Итак, новый день, благословенный понедельник, продолжение работы. Лиза отсыпается, благополучно вернувшись с дачи, поэтому Юля самостоятельно должна поехать к своему Деревяшкину (прекрасная фамилия для отечественного психиатра), просрочив недели две. Оля искупала деда, я ещё вчера привёл в порядок лицо, то есть жизнь входит в обычное русло. И есть ещё время достойно завершить июль, 152-ую, текущий файл.


                ***
Надрыв ли какой ощущая, навряд ли возьмёшься за гуж,
не веришь и не завершаешь, без повода, мальчик – не муж.
Поморщишься: сыро и слякотно, и пасмурью небо свело,
как скулы оскоминой – грамотно расчёлся с безграмотным злом!
Что может уже быть хорошего – когда за душой ни шиша,
эпоха грядущего-прошлого в весёлых соблазнах прошла.
Когда молодые – другие, а ты хоть какой молодой,
в волне поколения сгинул, давно рассчитавшись с собой.
Не понято или не принято без собственных дел или школ,
торчком понимания, выменяв реальность на вечный «прикол»!



                ***
Оползают с шумом в водостоках внешним обрамленьем тишины
жидкой массой снежной те же сроки внесезонья, осени, весны.
Этакое сколько повторялось, а услышать надо: Ничего! –
как из ямы выползти упрямо, нынче попирая дно её.
Наблюдал когда-то ежедневно: до того, как поезд выходил
из туннеля, наливались светом, словно жилы рельсы впереди.

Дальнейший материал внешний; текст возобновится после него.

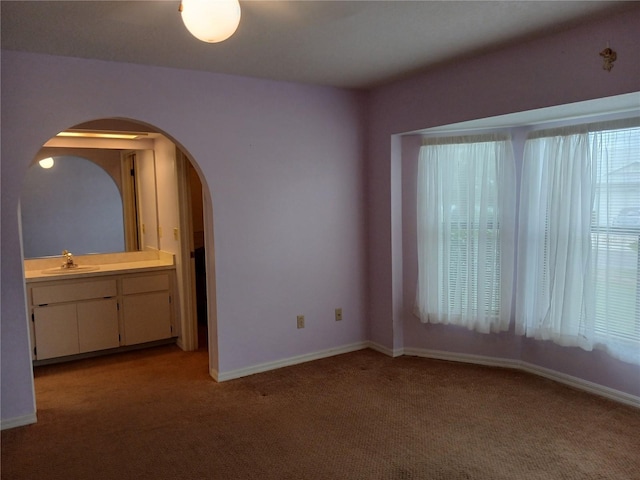 unfurnished bedroom with light carpet, baseboards, arched walkways, and a sink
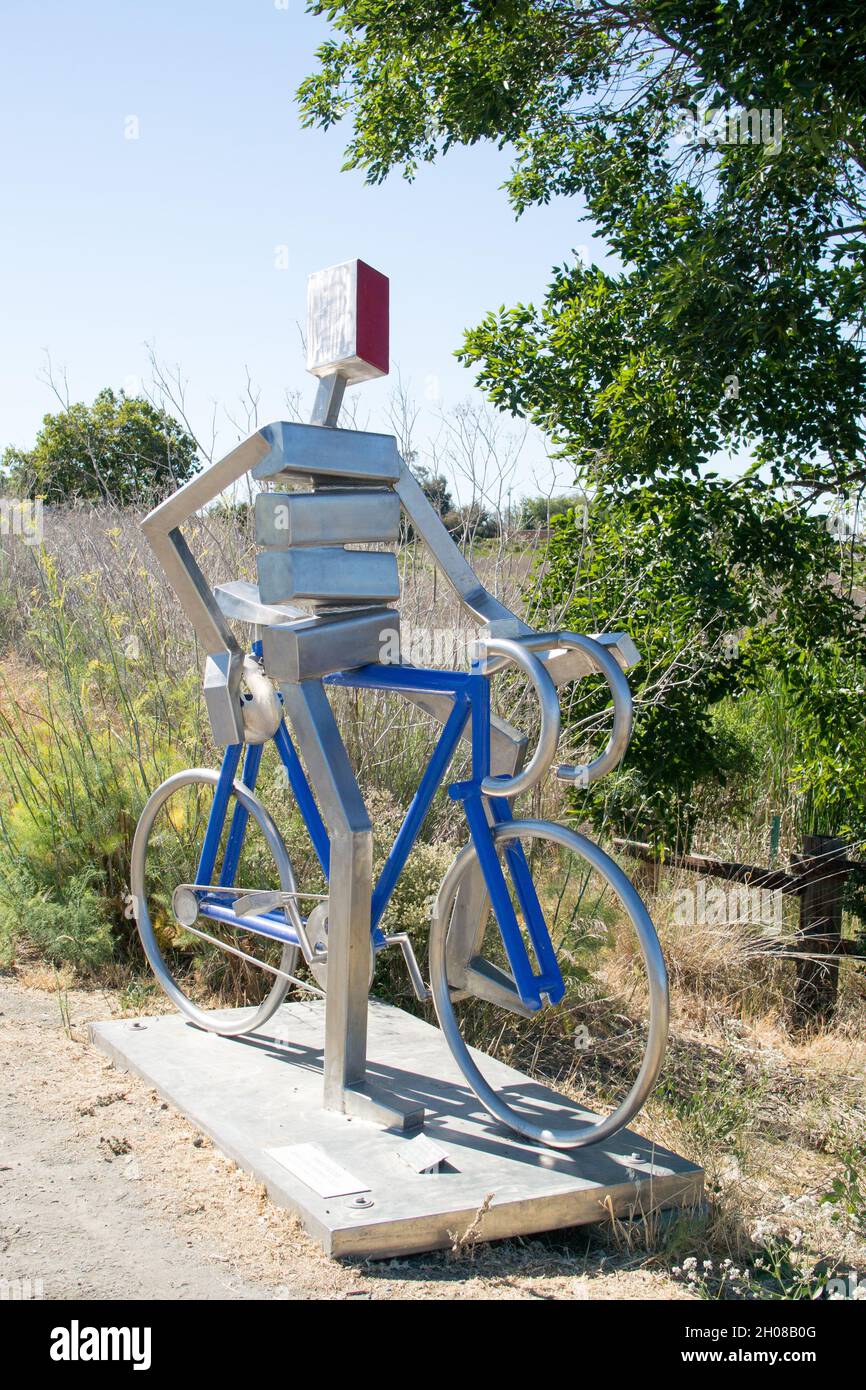Edelstahlskulptur von James Mehr: Ein Radfahrer auf einem blauen Rennrad blickt mit einem Fuß auf den Horizont in Widmung von Bill Bliss Stockfoto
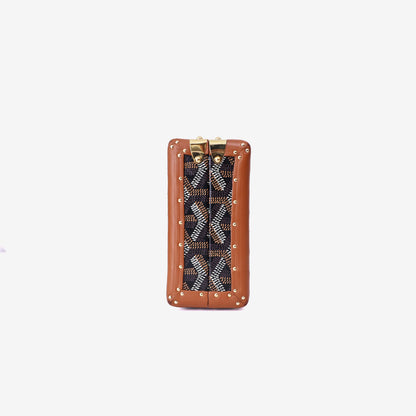 Goyard Minaudière Trunk Shoulder Bag in Black/Tan Goyardine Canvas with Clamecy Cowhide with Gold Hardware side view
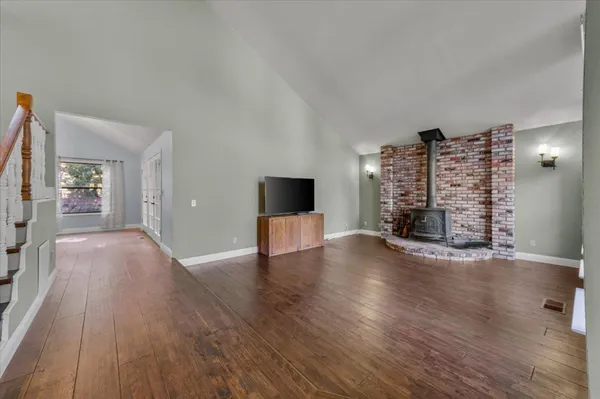 wooden floor in an empty room with a fireplace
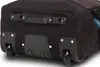 Close-up view of the bottom of a black rolling suitcase, showing the wheels and handle. Náhľad obrázku produktu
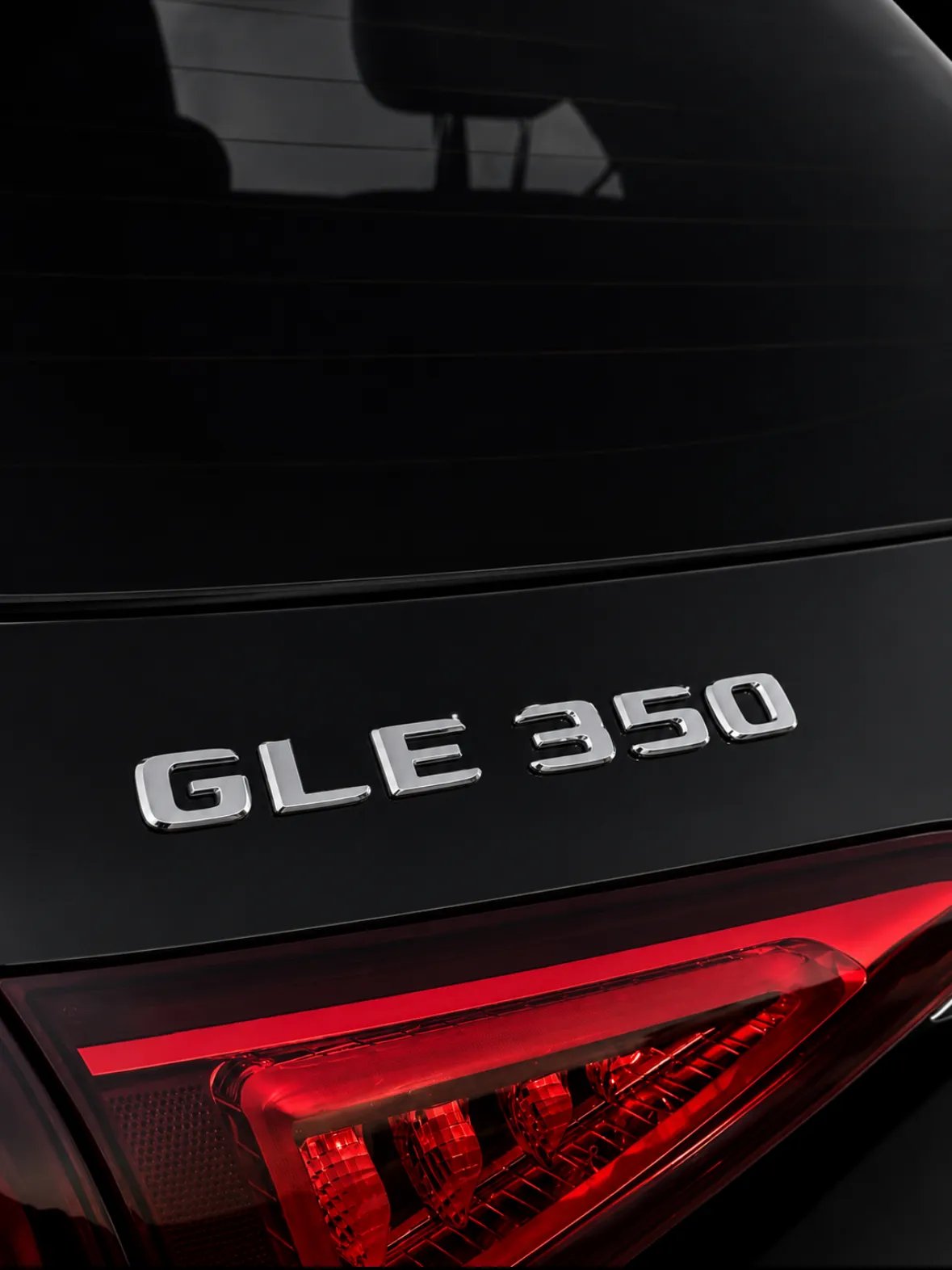 Chrome GLE 350 badge on gloss black paint after a full detail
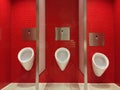 Urinals on the red tiled wall of the bathroom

Кто-то где-то как-то бросит фразу, и приветик, «принцип домино»,
хочешь тоже вдруг увидеть ясно, как другой увидел «вот оно»!
В поиске невиданной зацепки, повторяясь до маразма фраз,
запросто теряешь полноценность, возжелав, сумеешь ли украсть?!
До испуга спазма или тика потеряв над мышцами контроль,
но переупрямив  даже лихо, набираешь опыта на роль.